## PROVIDED ENTRIES
Start of Block
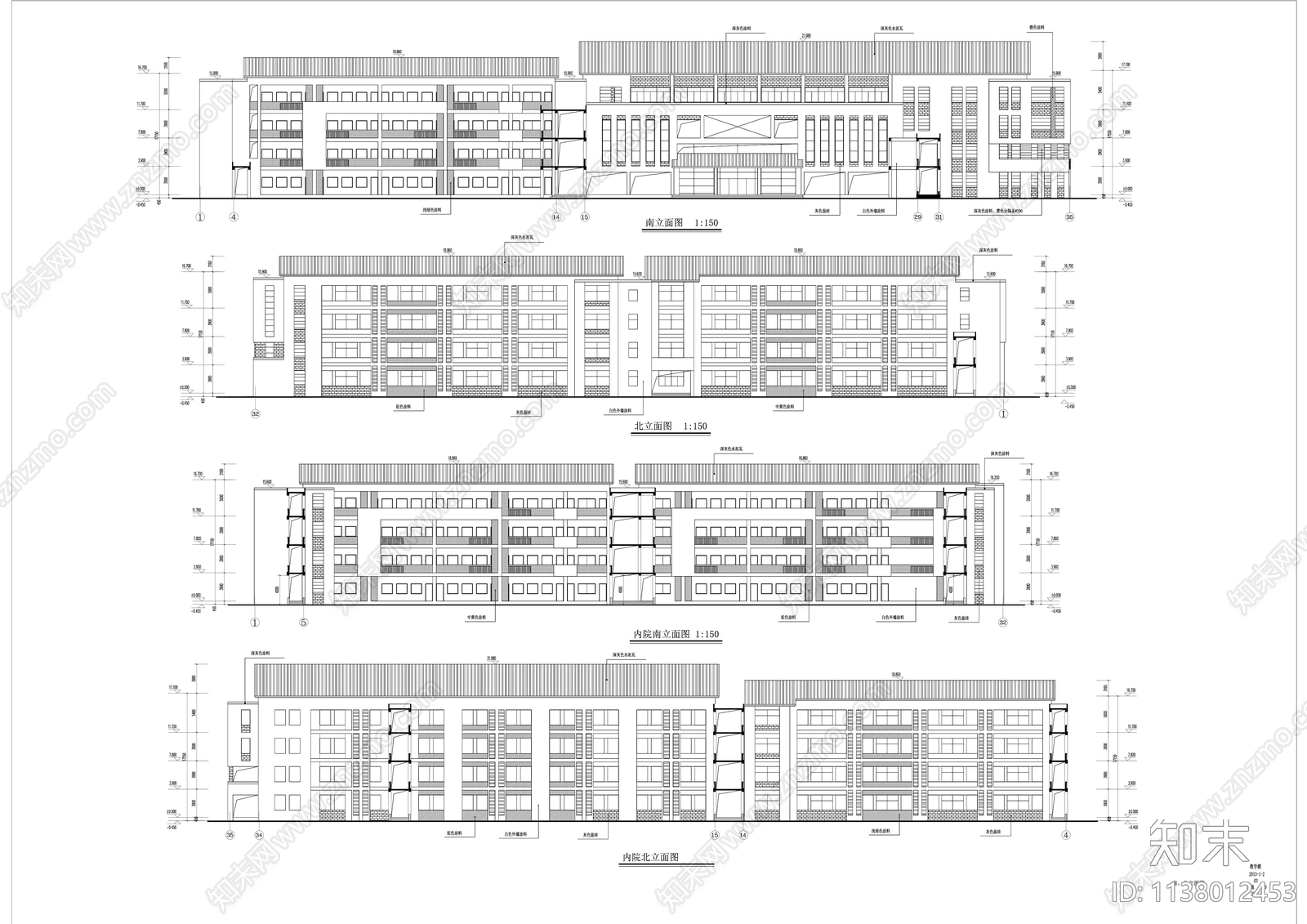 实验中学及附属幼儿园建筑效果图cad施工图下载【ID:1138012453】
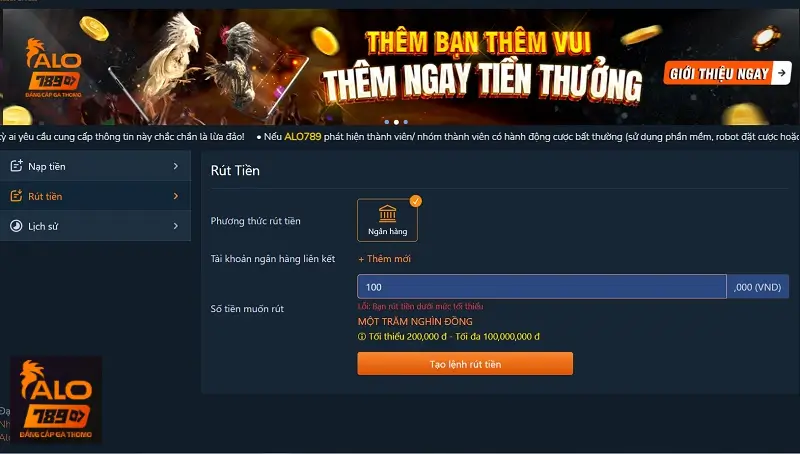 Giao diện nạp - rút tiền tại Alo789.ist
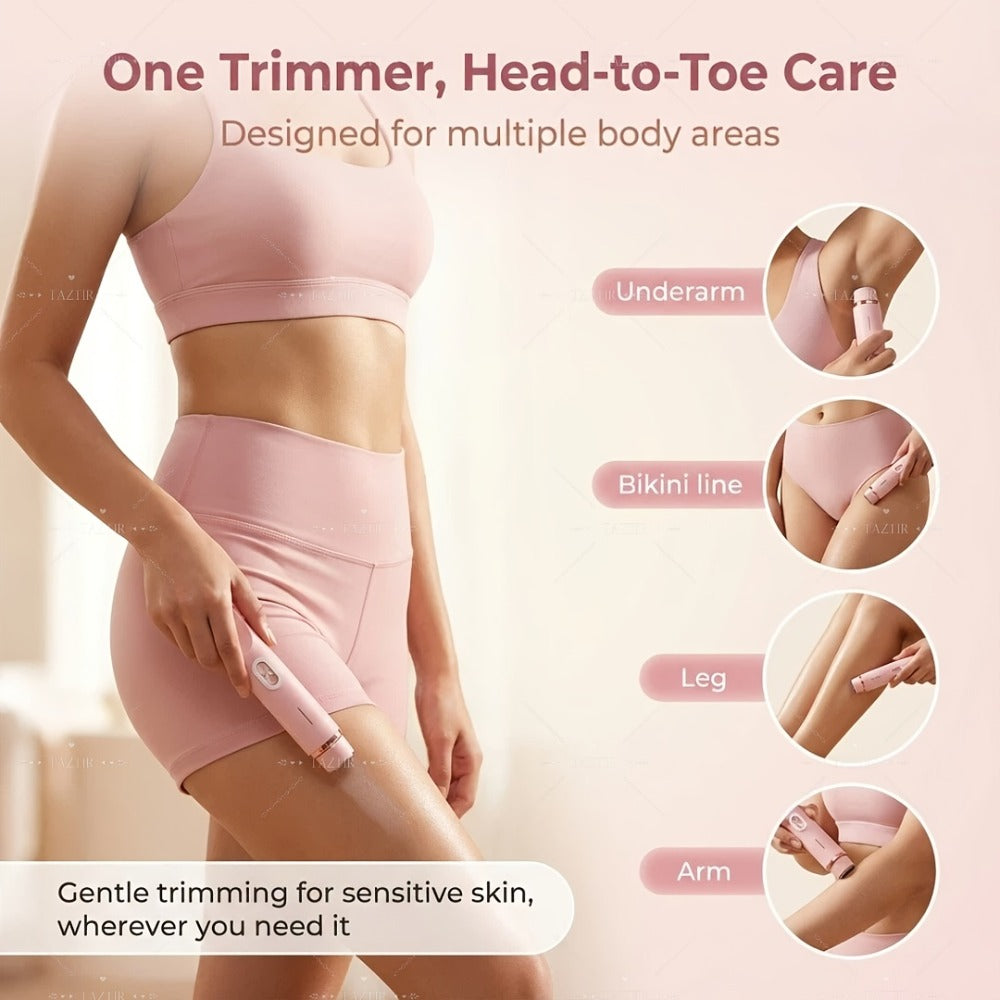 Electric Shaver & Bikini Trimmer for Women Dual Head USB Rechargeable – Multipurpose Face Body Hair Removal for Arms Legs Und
End of Block
Start of Block
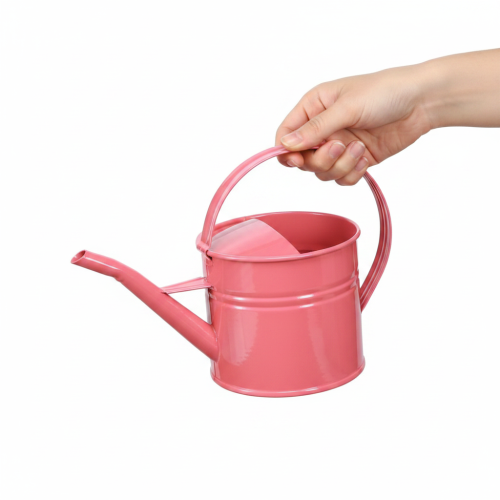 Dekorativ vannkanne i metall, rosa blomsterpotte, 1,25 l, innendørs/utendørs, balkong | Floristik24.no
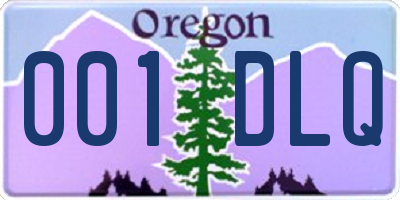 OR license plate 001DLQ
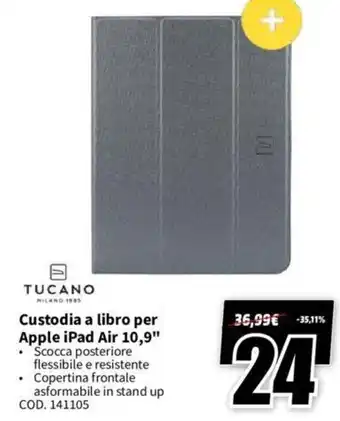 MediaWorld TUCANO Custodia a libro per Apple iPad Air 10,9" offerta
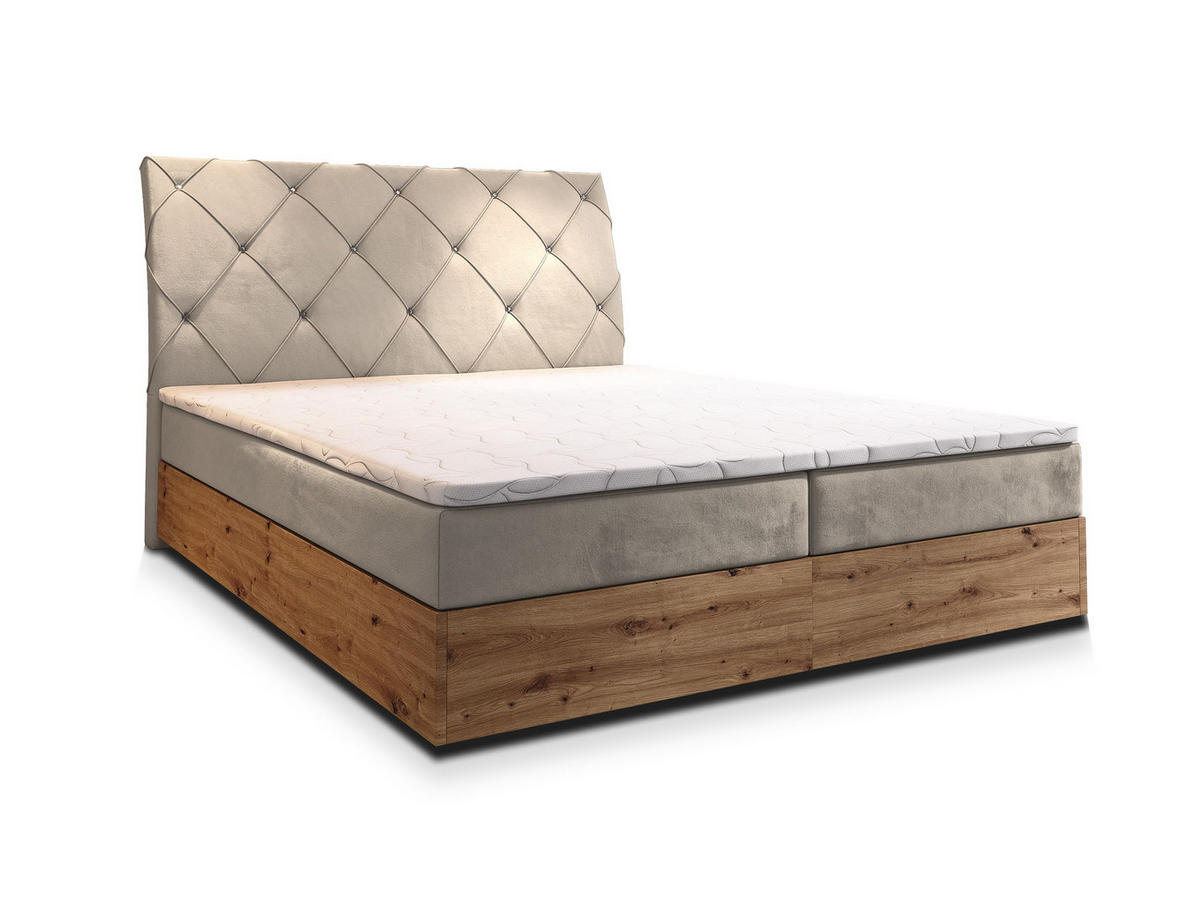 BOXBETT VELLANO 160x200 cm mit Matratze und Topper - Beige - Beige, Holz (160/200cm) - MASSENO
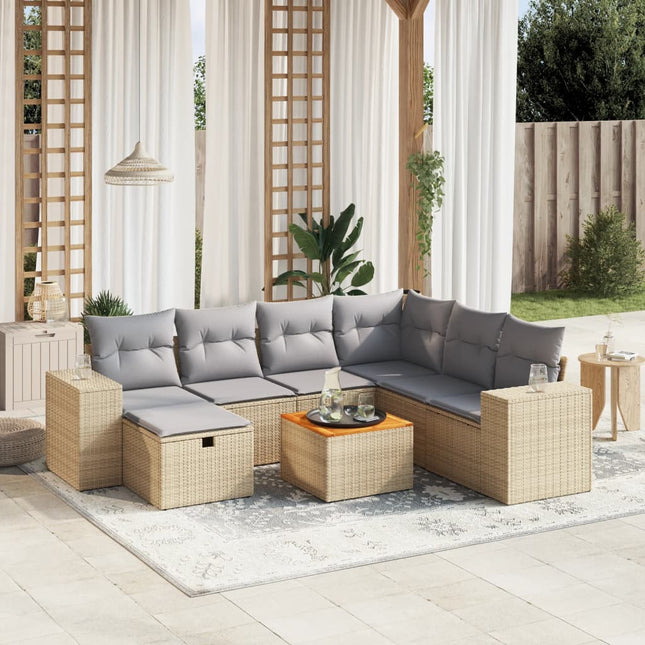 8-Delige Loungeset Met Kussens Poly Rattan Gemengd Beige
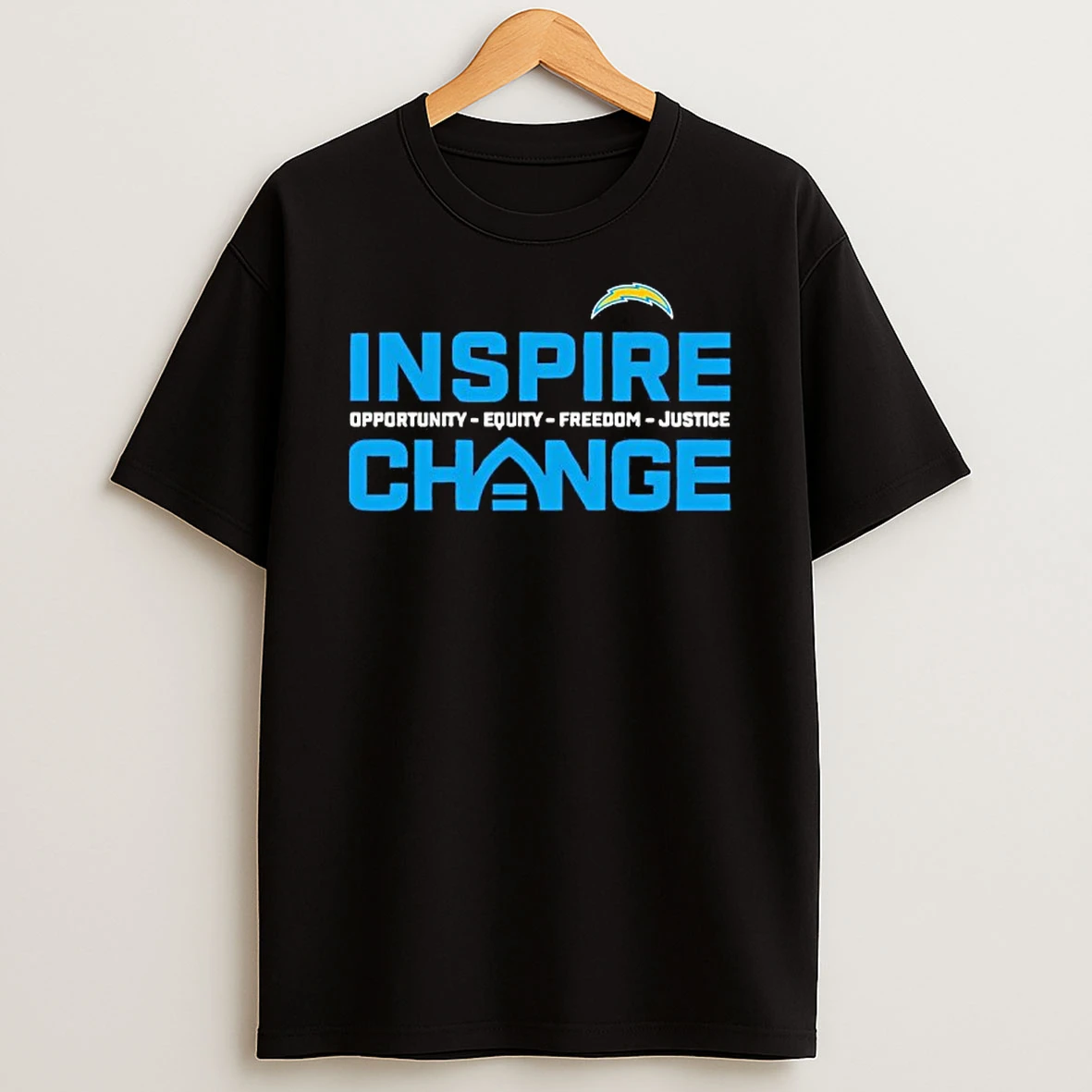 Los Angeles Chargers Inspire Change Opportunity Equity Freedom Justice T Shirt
End of Block
Start of Block
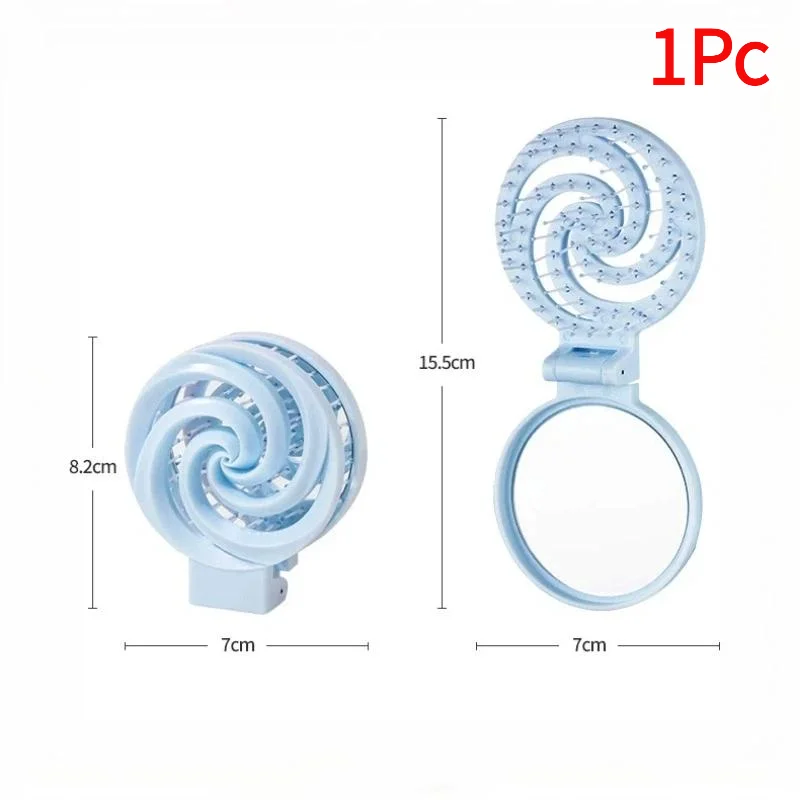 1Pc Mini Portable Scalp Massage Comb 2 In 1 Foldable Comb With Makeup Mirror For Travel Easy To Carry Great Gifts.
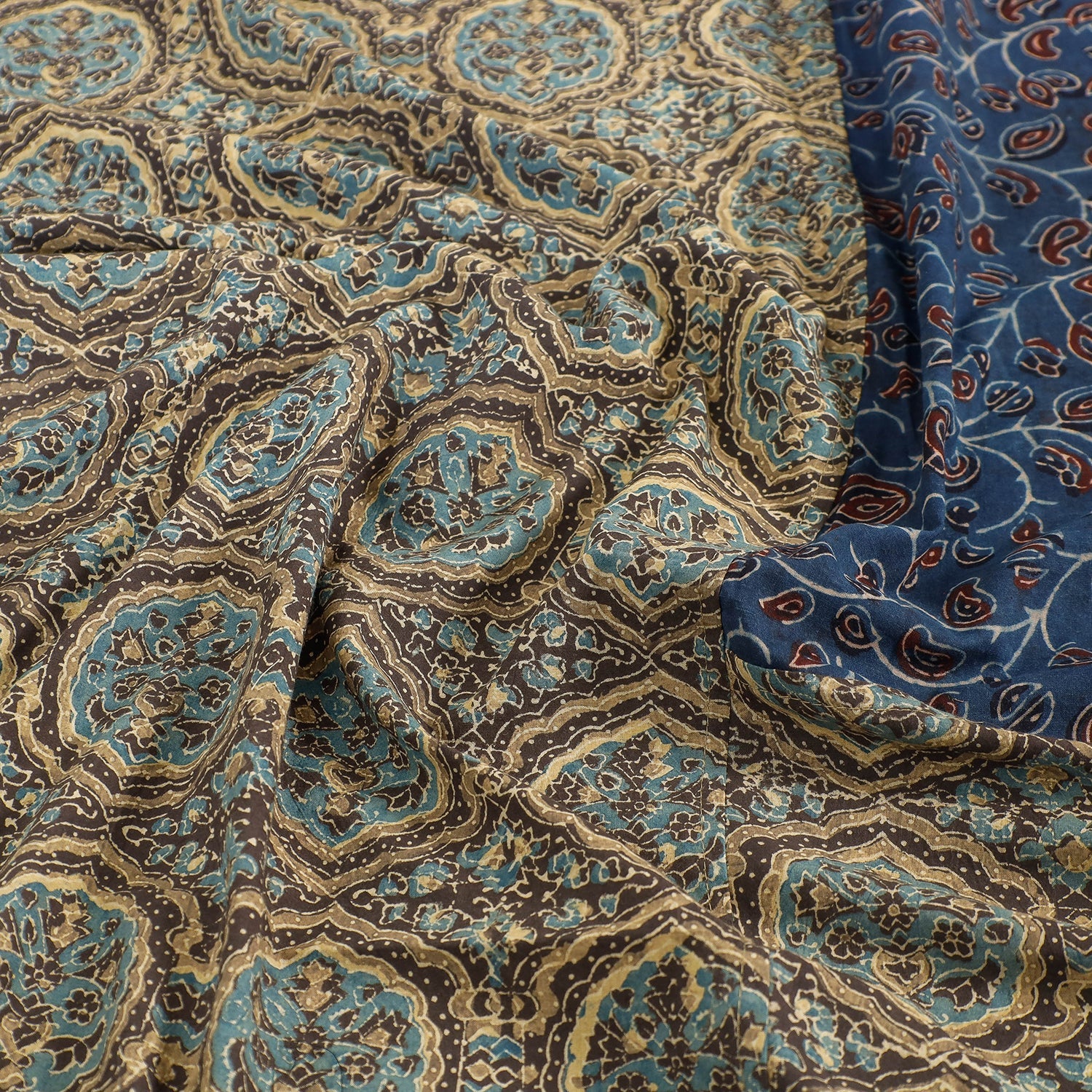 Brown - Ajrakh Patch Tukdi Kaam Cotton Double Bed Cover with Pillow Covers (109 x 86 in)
End of Block
## WORK TO BE COMPLETED
A verbatim reproduction is expected: starting at the line above that has "实验中学及附属幼儿园建筑效果图cad施工图下载【ID:1138012453】", ending at the line that has "Electric Shaver &", both included, and with no pictures and no other lines.

## WRITTEN SOLUTION
 实验中学及附属幼儿园建筑效果图cad施工图下载【ID:1138012453】
 Giao diện nạp - rút tiền tại Alo789.ist
 Electric Shaver & Bikini Trimmer for Women Dual Head USB Rechargeable – Multipurpose Face Body Hair Removal for Arms Legs Und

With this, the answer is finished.